Hearing that Sunrise House, which aims to provide emergency shelter to youth from age 12-17 was in dire straights, pulled me out of my excited trip-preparation-trance. It was difficult for me to digest the fact that my youth group had raised a large sum of money to cover travel expenses while there was a very real possibility that kids my age would become homeless on the streets of my hometown. Thinking about this filled me with guilt, and shame. These feelings grew as it became clear that our trip was firmly rooted in the category of “volunteerism,” in that I got to travel, experience a new culture, and generally have a fun trip- while the locals had to shoulder the responsibility of taking care of us while we “helped” in jobs that could have been done (and done better) by local labourers.

Sunrise House did shut their doors for a period of time, but has since reopened and is once again busy providing a valuable service to the community.

After the Thailand trip, I compared what I had accomplished there with the vital role Sunrise House plays in my home community.


(The author in Thailand contributing to a work project. Photo courtesy of Vanessa Kay Photography)

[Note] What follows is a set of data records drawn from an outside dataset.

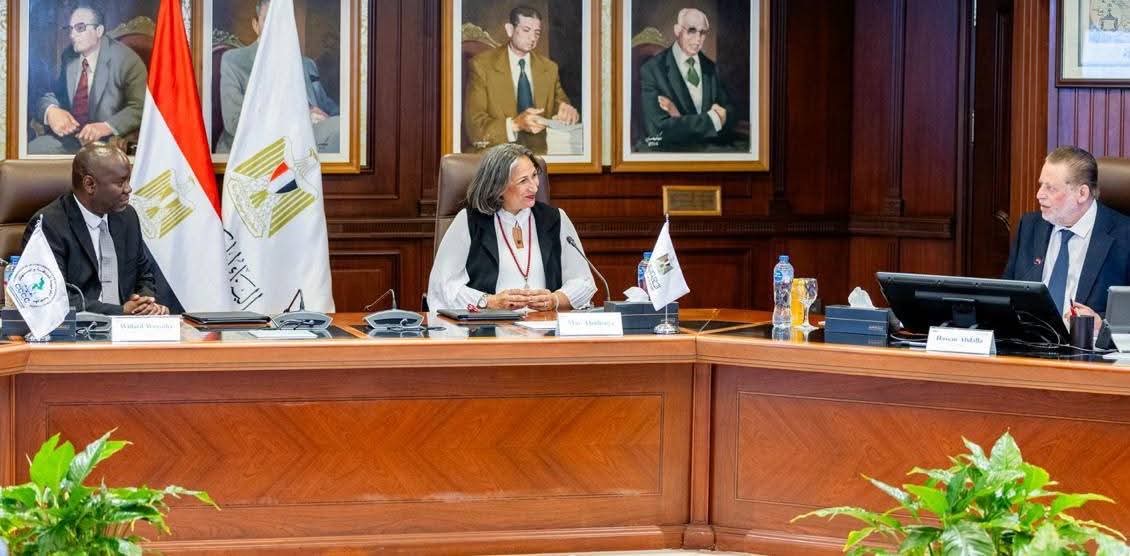 أخبار مصر والعالم لحظة بلحظة - محافظ البنك المركزي المصري يشهد توقيع مذكرة تفاهم مع مفوضية الكوميسا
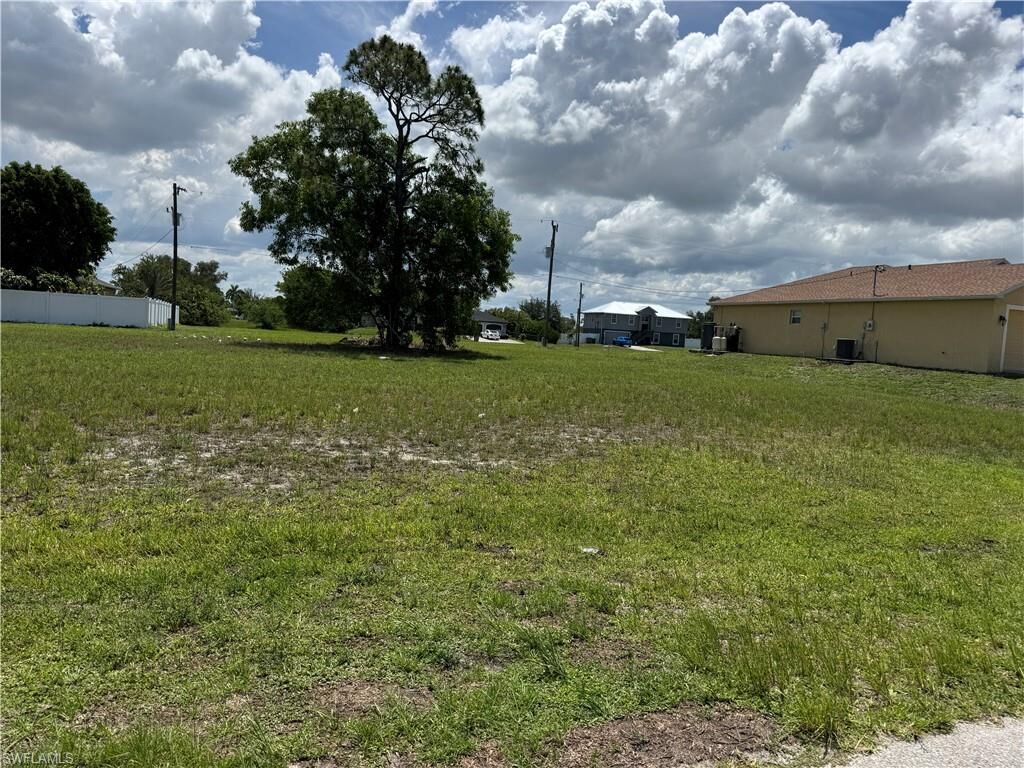 Property Photo:  1707 NW 5th Pl  FL 33993 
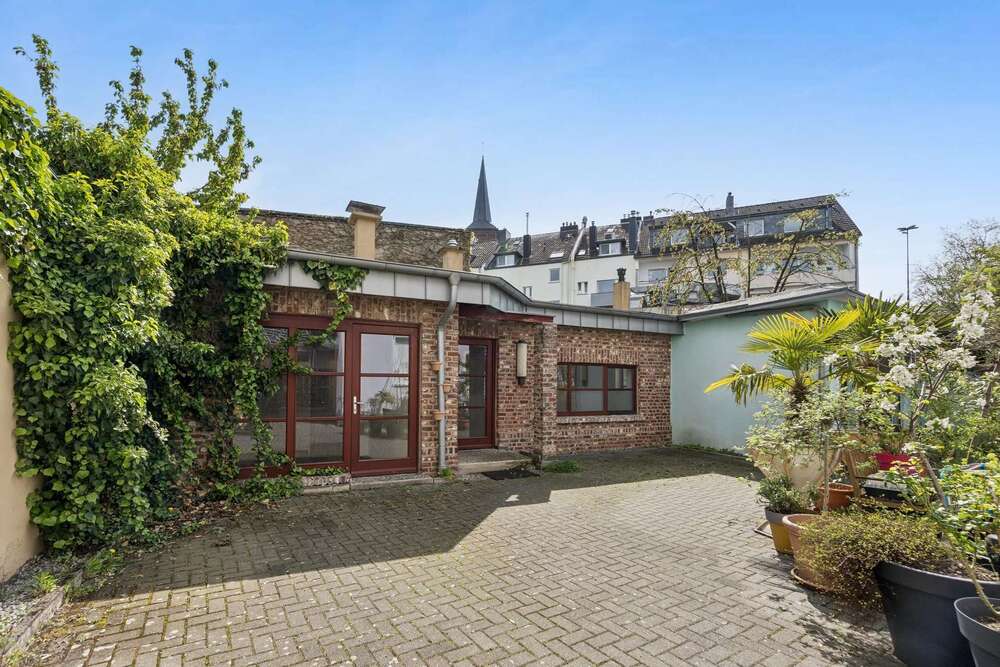 Thumbnail-Grundstück zu verkaufen in Düsseldorf 2.150.000,00 € 1156 m²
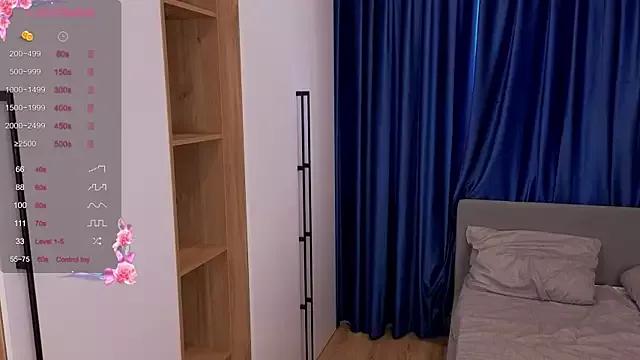 KrissHils from StripChat is Freechat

This reflection helped me to learn what is intrinsically important to me. At that time I decided that if I ever was going to change the world, I was going to start at home and work out from there. So, when the Peter Lougheed Leadership College first posed the question:

How will you change the world?”

I began rolling around ideas that pertained directly to my home community. However, I recognized the criteria all scholars had to meet; the leadership skills I had learned over the previous year must be practiced, my community must benefit significantly, and the experience had to stretch me beyond my comfort zone.

With these criteria in mind, I knew only one thing for sure: My Stretch Experience would be based in Grande Prairie, Alberta. Now the challenge I faced was to come up with a Stretch Experience that would introduce me to a new network and expel me far from my comfort zone even though I would be completing it in the most familiar place on Earth; home.

I contemplated working with Big Brothers Big Sisters… but I had already been heavily involved with this organization, so that was out. I then considered working with Trumpeter Swan conservation in the area… However I knew that wouldn’t pull me from my comfort zone as I have been doing conservation projects throughout my degree. After scrapping a few more ideas because they were too tightly tied to my prior experiences and connections, I was starting to wonder whether it would be possible for me to complete my Stretch Experience in Grande Prairie.

I began losing sleep pondering, “ what I am passionate about that would educate and invigorate me while also benefiting my community?” But my sleepless nights weren’t solely dedicated to Stretch Experience worries and simultaneously thoughts about the upcoming municipal election began to swirl in my mind as I nodded off thinking about photo radar tickets, potholes, and why my current City Council only has two women on it… And like lightning, an idea struck.

As I considered the presence of two women on a Council of eight (not including the Mayor, also male) who represent a population that is 50% female, I realized there was a glaring problem with Grande Prairie’s City Council: gender disparity. To be frank, this ticked me off! I know many wonderful female leaders in Grande Prairie; how could we have such imbalance on City Council?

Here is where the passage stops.